Data to examine START

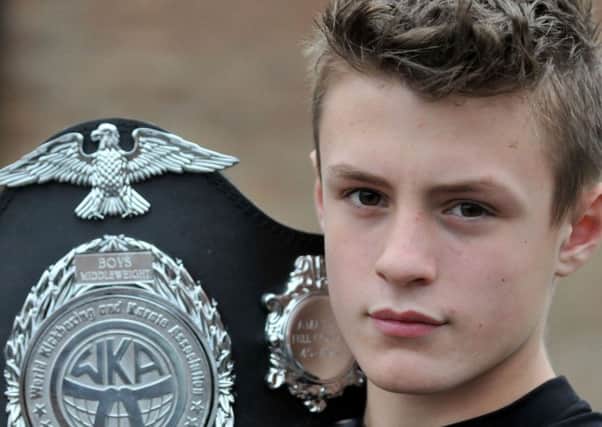 Kick Boxer Zach Marshall with his latest belt. Picture by FRANK REID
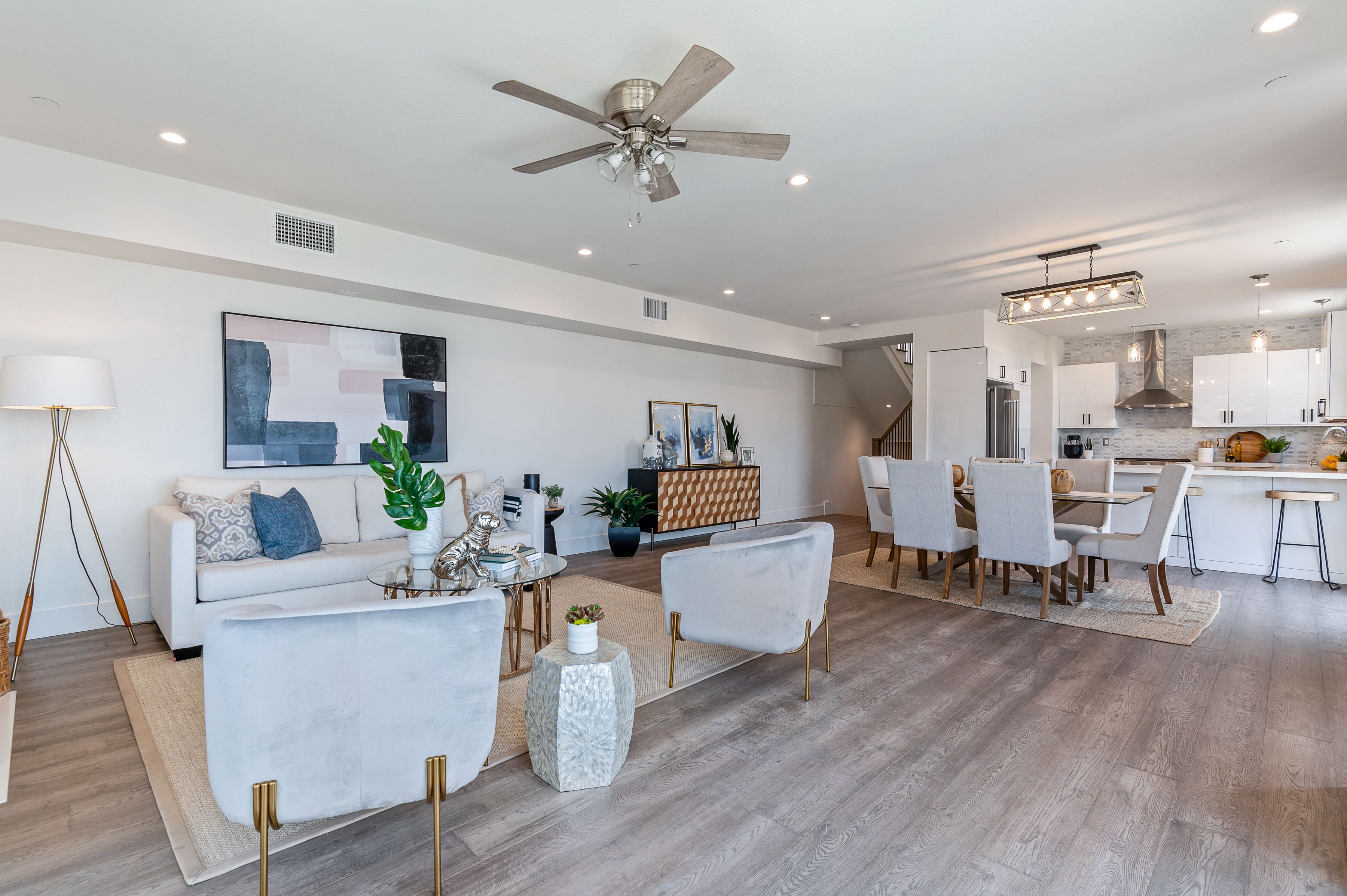 Developer staging package — new construction open-plan living, dining, and kitchen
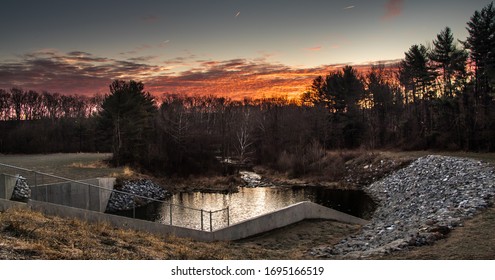 Landscape Of Brightly Colored Clouds And Line Of Trees At  The Spillway Below The Dam At Speedwell Forge Lake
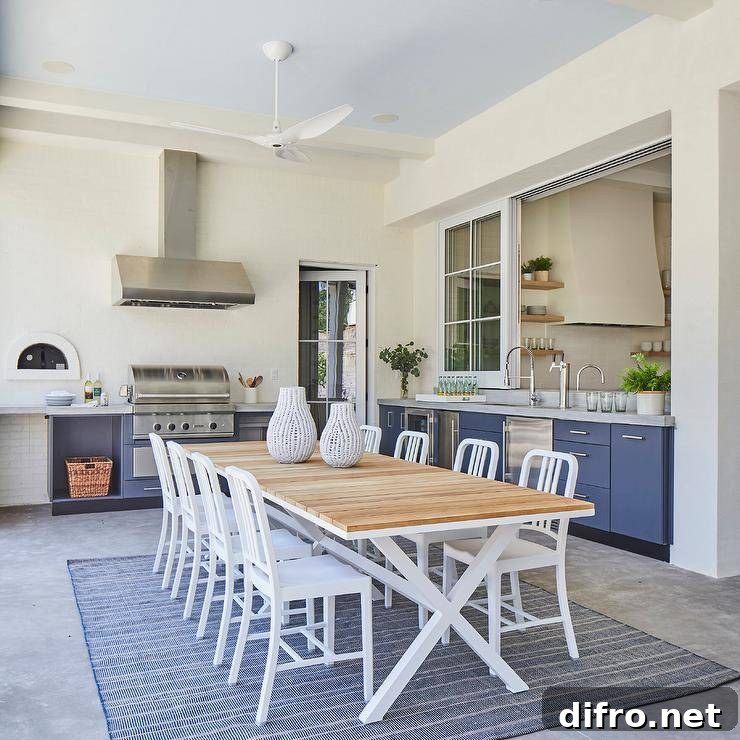 Covered patio dining space fitted with a teak plank top table placed on a concrete floor covered in a blue rug.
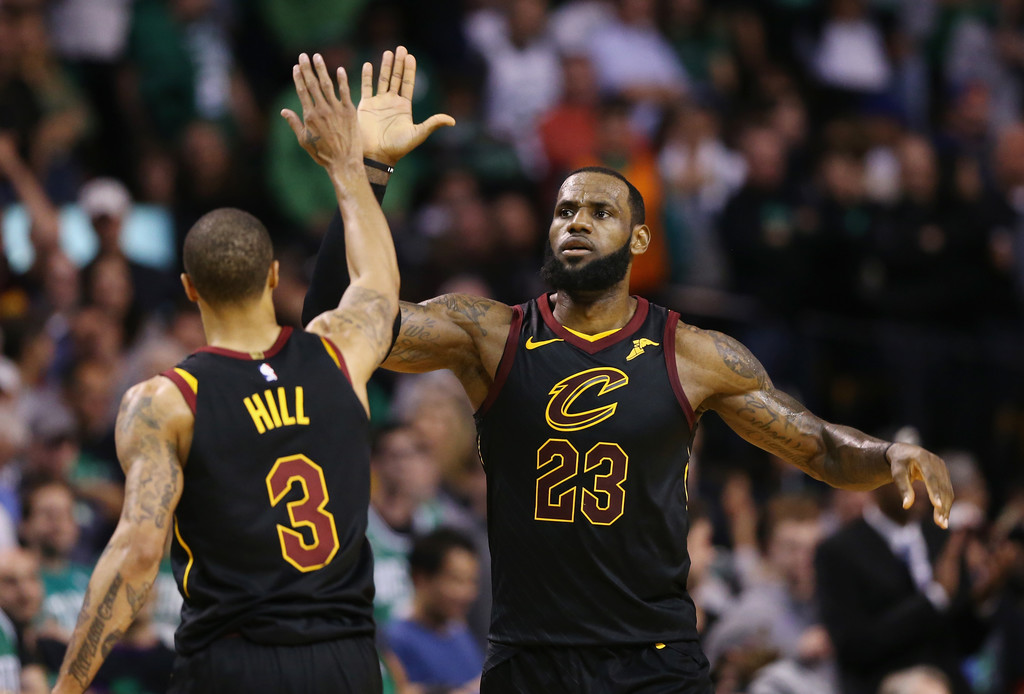 Cleveland Cavaliers star LeBron James celebrates with George Hill in the second half in Game 7 against the Boston Celtics of the Eastern Conference Finals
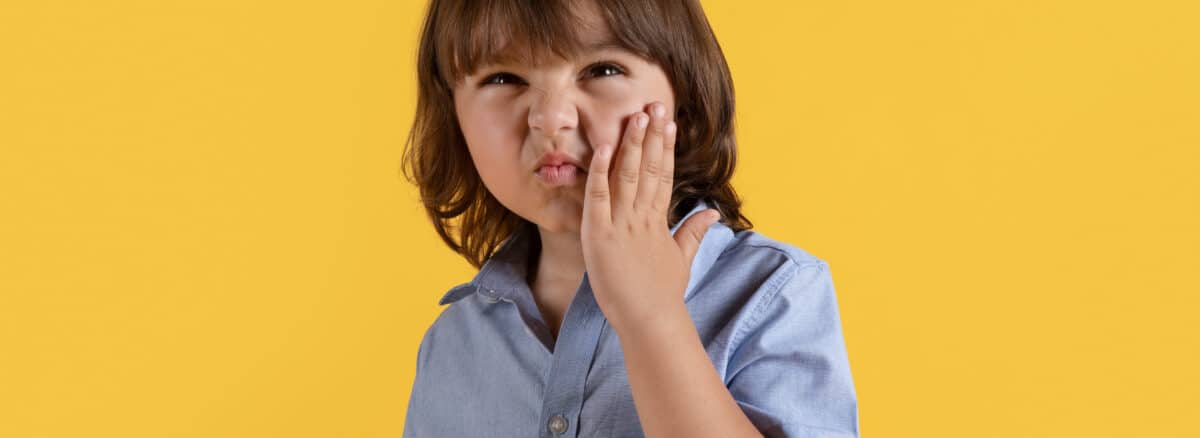 A little boy suffering from acute toothache, touching his painful cheek and frowning face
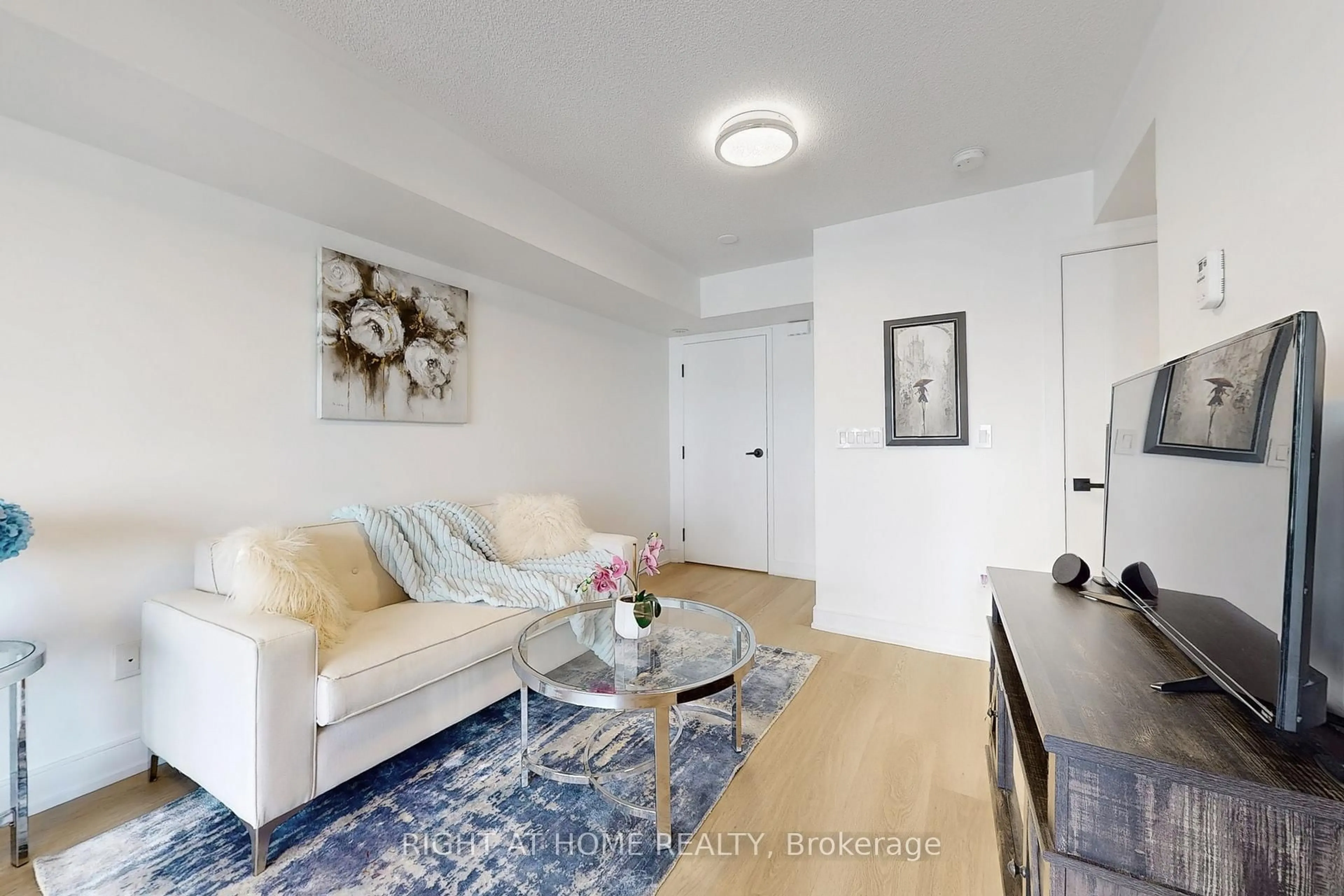 Living room with furniture, unknown for 138 Widdicombe Hill Blvd #710, Toronto Ontario M9R 4A6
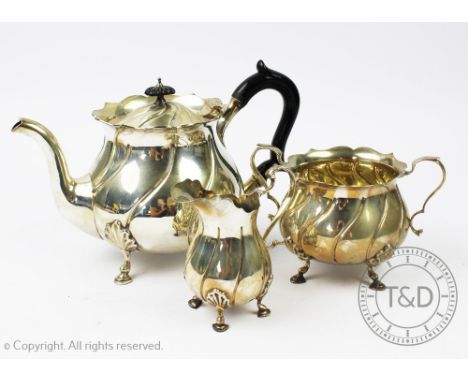 A late Victorian three piece silver tea service, Goldsmiths and Silversmiths Company Limited, London 1900, each piece of wryt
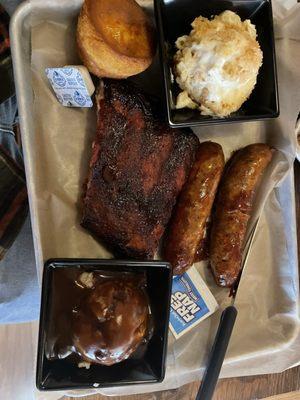 East Texas sausage, Memphis ribs, Mac and cheese, mash potatoes and gravy!  What a tremendous platter!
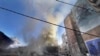 Smoke rises near a giant portrait of the late Hezbollah military commander Imad Mughniyeh after a building was hit by an Israeli airstrike in Dahiyeh, a southern suburb of Beirut, Lebanon, Oct. 20, 2024. 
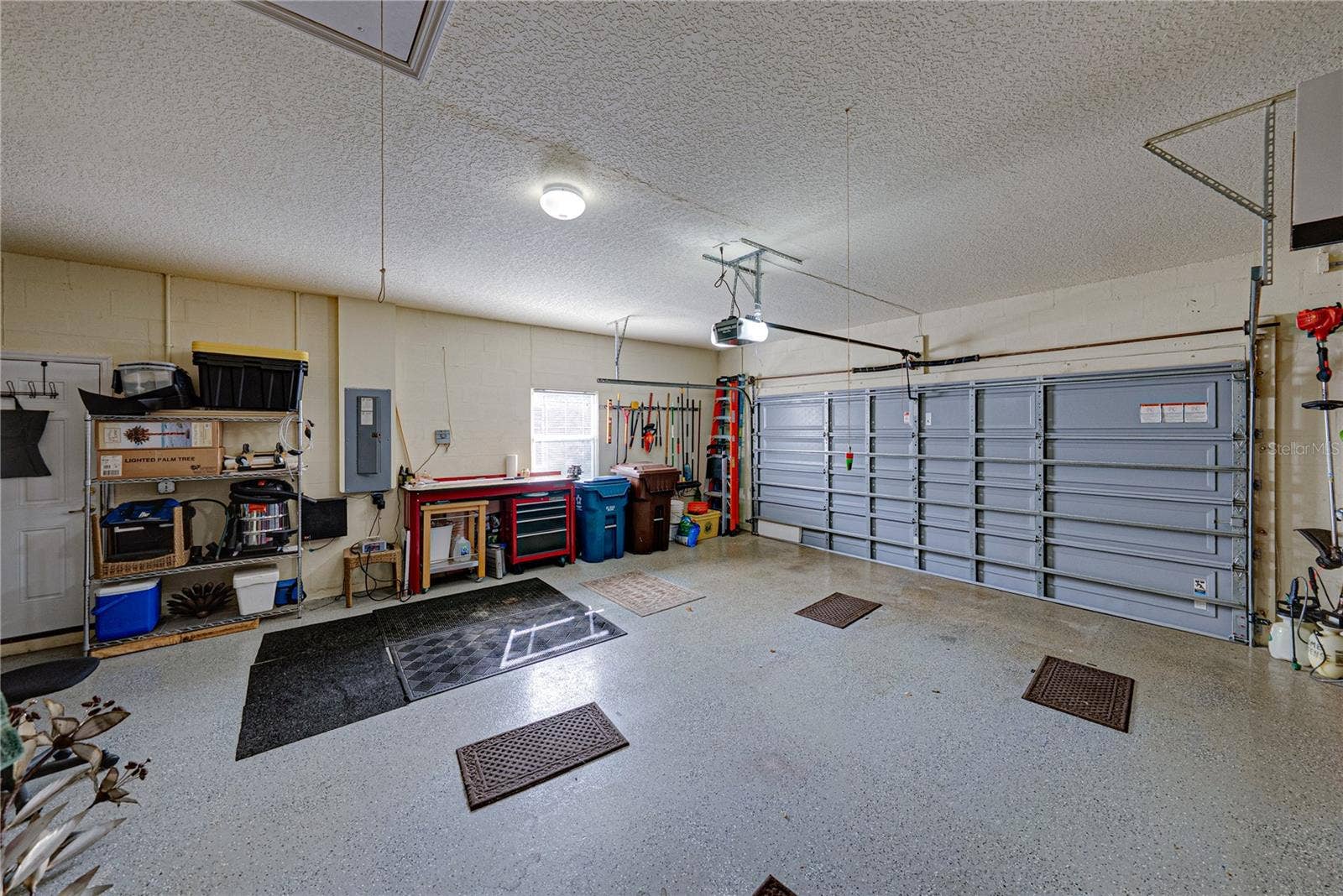 4232 DORNOCH DRIVE, Lake Wales, FL 33859 The attached 2 car garage has epoxy flooring, window, service door, and pull-down attic ladder.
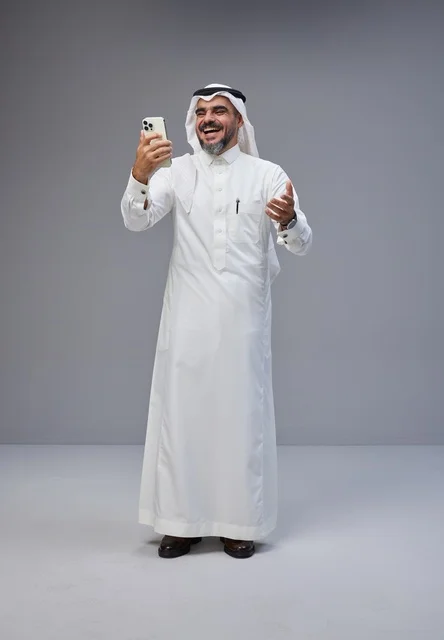 رجل سعودي بالزي التقليدي يستخدم الهاتف الذكي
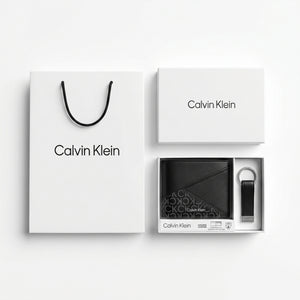 Top-down studio product photography of the Calvin Klein mirror original smooth black leather wallet and matching keychain set neatly arranged inside its open white branded gift box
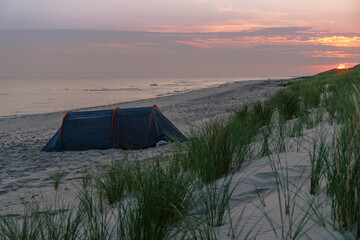 Tent on the Baltic  Sea beach on Sunrise  - 558233671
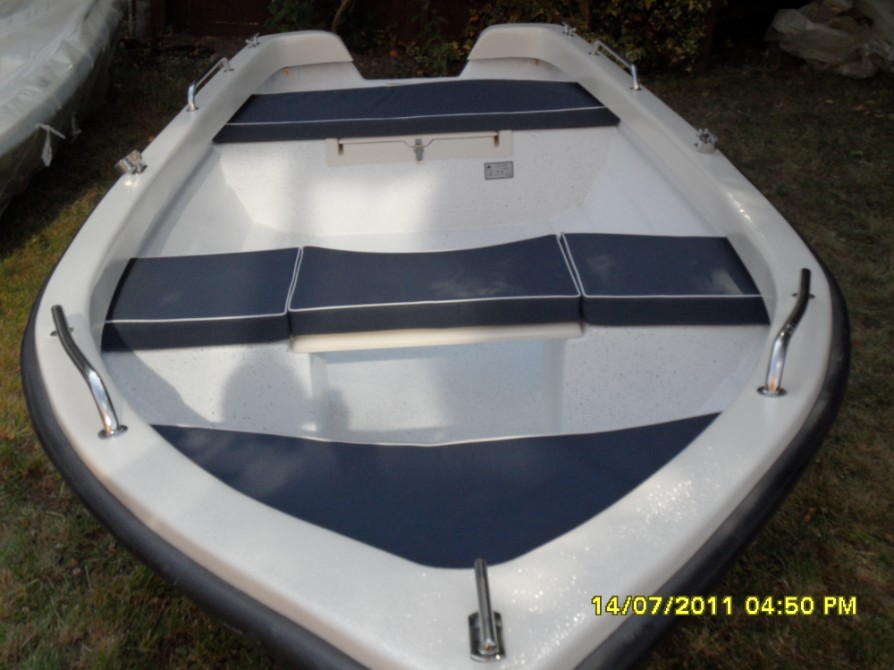 Welcome to our site, here you will find details of our new ELITE 390 open/day/fishing/outboard/rowing boat. With innovative features such as lifting centre seat with a flat double skinned floor beneath, a large rear hinged locker with fuel/battery cable vent built in and quality euro style rowlocks she is an elegant yet very practical boat and easy to maneuver around. At 13 foot (3.9metres) she is a real step up from the usual 8 foot - 12 foot dinghies, and with a fully piped quality 5-piece cushion set, heavy-duty storage cover and prcactical stainless handrails and cleats a very complete and competent craft. Fully CE approved, for a total crew capacity of 500kg and max outboard of 10hp she is perfect for lakes, broads, rivers and light estuary work. She has a raised bow, pleasing subtle simulated clinker design with a sharp V bow tapering of to a virtually flat rear for greater stabilty underway and also when still.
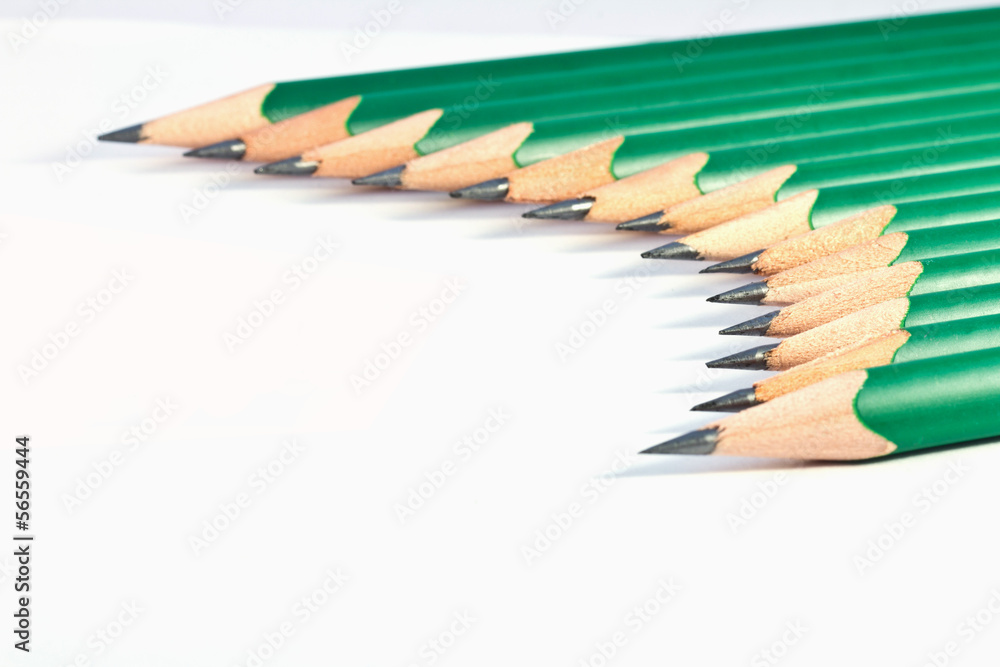 Obraz premium lower view of green pencils on white background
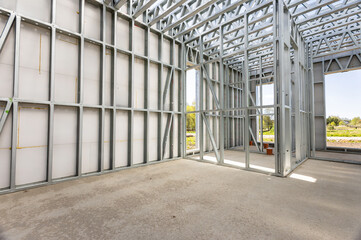 Light gauge steel framing system used for house construction. Wall to be clad with fibre cement board. Metal frame of newly built building. Construction of a new tiny house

Data to examine END

What you will do:
No pictures should appear in the copy, which holds exactly the lines from the first line of the data through the line with "Tent on the" and nothing else.

Task response:
 Kick Boxer Zach Marshall with his latest belt. Picture by FRANK REID
 Developer staging package — new construction open-plan living, dining, and kitchen
 Landscape Of Brightly Colored Clouds And Line Of Trees At  The Spillway Below The Dam At Speedwell Forge Lake
 Covered patio dining space fitted with a teak plank top table placed on a concrete floor covered in a blue rug.
 Cleveland Cavaliers star LeBron James celebrates with George Hill in the second half in Game 7 against the Boston Celtics of the Eastern Conference Finals
 A little boy suffering from acute toothache, touching his painful cheek and frowning face
 Living room with furniture, unknown for 138 Widdicombe Hill Blvd #710, Toronto Ontario M9R 4A6
 A late Victorian three piece silver tea service, Goldsmiths and Silversmiths Company Limited, London 1900, each piece of wryt
 East Texas sausage, Memphis ribs, Mac and cheese, mash potatoes and gravy!  What a tremendous platter!
 Smoke rises near a giant portrait of the late Hezbollah military commander Imad Mughniyeh after a building was hit by an Israeli airstrike in Dahiyeh, a southern suburb of Beirut, Lebanon, Oct. 20, 2024. 
 4232 DORNOCH DRIVE, Lake Wales, FL 33859 The attached 2 car garage has epoxy flooring, window, service door, and pull-down attic ladder.
 رجل سعودي بالزي التقليدي يستخدم الهاتف الذكي
 Top-down studio product photography of the Calvin Klein mirror original smooth black leather wallet and matching keychain set neatly arranged inside its open white branded gift box
 Tent on the Baltic  Sea beach on Sunrise  - 558233671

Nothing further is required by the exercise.